UPDATED: Looks like Friday is the day that those 275 pounds worth of Sarah Palin emails will be shipping out to media outlets and others who requested them.

The Anchorage Daily News reports that state officials will release the records from Palin's time as governor at the end of the week in Juneau.

Turns out the reason that the emails were printed out instead of being sent electronically is because state lawyers needed to black out the portions that they deemed privileged, and the state says it doesn't have the needed technology to do that digitally.

Original Post Wednesday, June 1: Reporters staking out Sarah Palin’s “One Nation” bus may soon have some reading material to help them kill some time.

Alaska state officials are preparing to release more than 24,000 pages of Palin’s emails from her time as governor, the Anchorage Daily News reports.

But officials say they are withholding 2,415 pages that are privileged, personal, or otherwise exempt from the state’s disclosure laws.

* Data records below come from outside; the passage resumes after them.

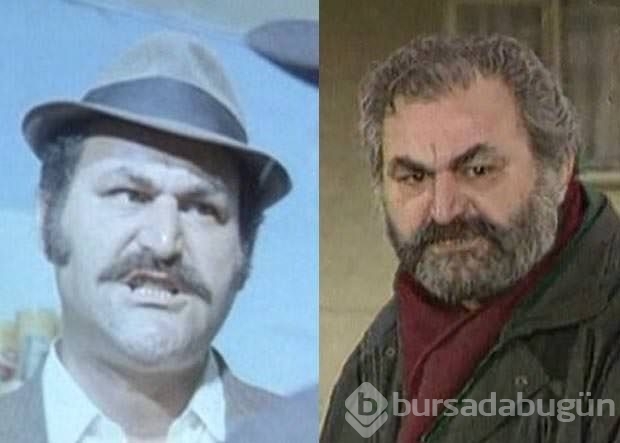 Ünlü isimlerin değişimi!
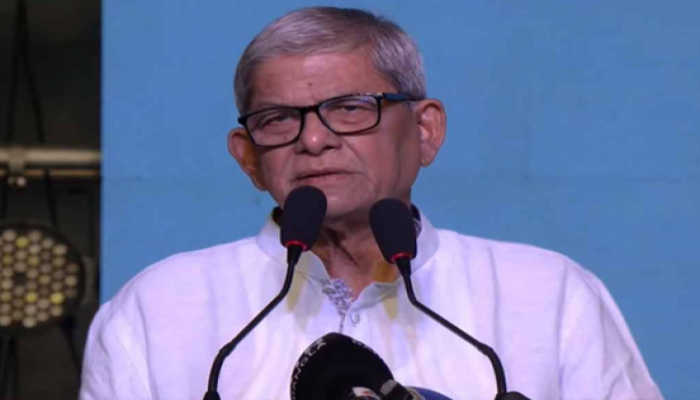 এই দেশ আমাদের, অন্য কেউ গড়ে দেবে না: মির্জা ফখরুল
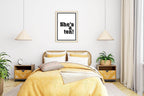 She's A Ten! Print | Love Wall Art - Larosier Prints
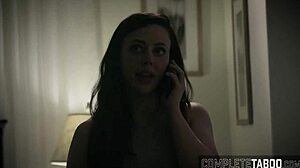 Suggestive Fetish Femdom Teen Sucks Monster Black Cock Interracially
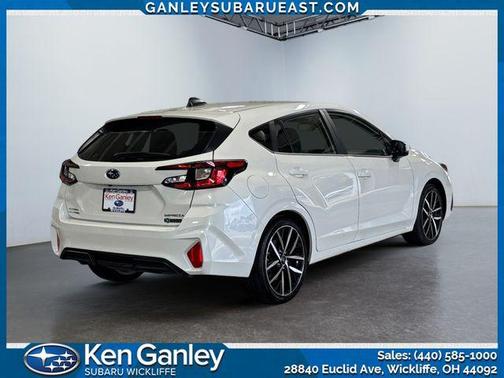 2024 Subaru Impreza Sport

As the Daily News notes, it also “remains to be seen how many of the released emails are going to be at least partially blacked out.”

A host of media organizations requested the records during the 2008 presidential campaign, when Palin was named as a the Republican VP nominee. But at the time, state officials said they weren’t prepared to handle the requests for a number of reasons, including an antiquated electronic database system and the fact that Palin commonly used a personal Yahoo account to conduct official state business.

State officials say that they have now finally finished sifting through the email accounts of more than 50 state employees to round up those emails Palin sent or received from her Yahoo account. The records are now on their way to a commercial printer and are expected to be shipped to media outlets in the coming days.

Among the news organizations that requested the emails: the Anchorage Daily News, Associated Press, MSNBC, New York Times, Los Angeles Times, Washington Post, and CNN.

Those outlets will need to pay $725.97 in copying fees and likely hundreds of dollars more in shipping costs. All told, the records are expected to fill five boxes weighing 55 pounds each.